Oh! make our land the noblest of the free,
An agent faithful to Thy Son and Thee;
So that she spread on each benighted shore,
Thy blessed Word, Thy everlasting lore,
Pregnant with promise to the human race,
If they but seek Thy clemency and grace
With contrite hearts, and ask with earnest prayer
A portion of Thy Heaven, to dwell for ever there!

 

_________________________

 
KINDLY WORDS.

 

THE wild rose, mingled with the fragrant bine,
        Is calmly graceful, beautiful to me,
And glorious are the countless stars that shin,
        With silent splendour over earth and sea;
But gentle words, and hearts where love has room,
        And cordial hands that often clasp my own,
Are better than the fairest flowers that bloom,
        Or the unnumbered stars that ever shone.

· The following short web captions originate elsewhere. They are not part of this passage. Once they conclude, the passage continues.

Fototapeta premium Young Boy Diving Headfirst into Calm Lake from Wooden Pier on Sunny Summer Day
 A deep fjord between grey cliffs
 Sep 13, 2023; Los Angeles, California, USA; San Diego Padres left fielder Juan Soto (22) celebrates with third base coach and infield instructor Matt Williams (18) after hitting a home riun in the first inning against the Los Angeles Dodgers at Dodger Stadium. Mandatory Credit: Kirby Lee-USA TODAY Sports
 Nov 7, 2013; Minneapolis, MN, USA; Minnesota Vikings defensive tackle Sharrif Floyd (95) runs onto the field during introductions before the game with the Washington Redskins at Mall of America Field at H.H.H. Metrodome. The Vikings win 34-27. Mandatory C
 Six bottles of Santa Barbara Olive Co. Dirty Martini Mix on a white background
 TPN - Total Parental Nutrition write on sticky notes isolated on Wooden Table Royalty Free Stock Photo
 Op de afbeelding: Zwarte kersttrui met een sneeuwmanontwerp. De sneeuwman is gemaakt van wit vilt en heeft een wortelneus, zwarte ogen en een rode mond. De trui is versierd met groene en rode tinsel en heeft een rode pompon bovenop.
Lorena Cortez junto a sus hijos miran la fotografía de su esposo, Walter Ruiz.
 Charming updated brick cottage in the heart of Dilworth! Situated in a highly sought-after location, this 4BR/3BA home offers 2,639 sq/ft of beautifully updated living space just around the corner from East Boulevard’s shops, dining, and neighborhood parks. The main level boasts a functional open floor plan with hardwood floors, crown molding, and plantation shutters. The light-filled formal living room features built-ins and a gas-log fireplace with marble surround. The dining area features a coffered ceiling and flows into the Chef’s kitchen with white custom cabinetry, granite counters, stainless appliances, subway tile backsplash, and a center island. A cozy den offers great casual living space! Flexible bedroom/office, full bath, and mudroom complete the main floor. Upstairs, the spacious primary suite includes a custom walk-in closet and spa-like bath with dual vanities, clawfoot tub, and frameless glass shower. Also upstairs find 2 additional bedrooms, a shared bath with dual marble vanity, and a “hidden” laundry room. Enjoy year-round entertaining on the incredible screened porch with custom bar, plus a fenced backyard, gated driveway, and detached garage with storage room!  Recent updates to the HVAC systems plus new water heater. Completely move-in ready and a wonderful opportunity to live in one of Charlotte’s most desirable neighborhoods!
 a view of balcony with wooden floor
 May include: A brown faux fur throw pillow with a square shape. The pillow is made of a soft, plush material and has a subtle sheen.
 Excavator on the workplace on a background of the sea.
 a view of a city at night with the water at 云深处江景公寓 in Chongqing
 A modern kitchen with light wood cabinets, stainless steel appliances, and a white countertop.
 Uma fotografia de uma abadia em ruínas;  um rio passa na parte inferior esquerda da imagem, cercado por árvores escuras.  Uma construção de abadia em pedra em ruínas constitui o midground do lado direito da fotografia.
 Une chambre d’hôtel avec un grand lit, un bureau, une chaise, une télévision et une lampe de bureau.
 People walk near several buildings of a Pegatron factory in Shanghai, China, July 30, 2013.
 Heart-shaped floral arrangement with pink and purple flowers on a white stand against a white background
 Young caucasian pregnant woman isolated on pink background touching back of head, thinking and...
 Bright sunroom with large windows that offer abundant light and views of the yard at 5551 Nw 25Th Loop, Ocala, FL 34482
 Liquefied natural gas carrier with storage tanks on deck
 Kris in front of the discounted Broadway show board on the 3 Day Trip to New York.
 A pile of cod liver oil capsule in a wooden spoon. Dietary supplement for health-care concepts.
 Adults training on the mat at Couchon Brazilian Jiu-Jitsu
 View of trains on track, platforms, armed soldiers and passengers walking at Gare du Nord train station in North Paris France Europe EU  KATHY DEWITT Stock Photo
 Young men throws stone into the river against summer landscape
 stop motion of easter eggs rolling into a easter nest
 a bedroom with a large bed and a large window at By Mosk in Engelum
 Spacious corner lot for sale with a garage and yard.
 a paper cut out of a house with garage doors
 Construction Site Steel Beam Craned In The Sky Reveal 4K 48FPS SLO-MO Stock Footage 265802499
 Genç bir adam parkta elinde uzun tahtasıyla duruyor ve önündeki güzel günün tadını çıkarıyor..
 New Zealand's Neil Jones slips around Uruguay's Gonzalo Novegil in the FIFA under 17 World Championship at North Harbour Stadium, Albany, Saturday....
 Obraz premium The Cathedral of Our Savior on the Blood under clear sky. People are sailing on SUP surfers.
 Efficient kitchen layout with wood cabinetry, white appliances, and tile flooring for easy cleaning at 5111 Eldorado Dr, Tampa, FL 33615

The fostering sun may warm the fields to life,
        The gentle dew refresh the drooping flower,
And make all beauteous things supremely rife
        In gorgeous summer's grand and golden hour;
But words that breathe of tenderness and love,
        And genial smiles, that we are sure are true,
Are warmer than the summer sky above,
        And brighter, gentler, sweeter than the dew.

It is not much the selfish world can give,
        With all its subtle and deceiving art,
And gold and gems are not the things that live,
        Or satisfy the longings of the heart;
But, oh! if those who cluster round the hearth
        Sincerely soothe us by affection's powers,
To kindly looks and loving smiles give birth,
        How doubly beauteous is this world of ours!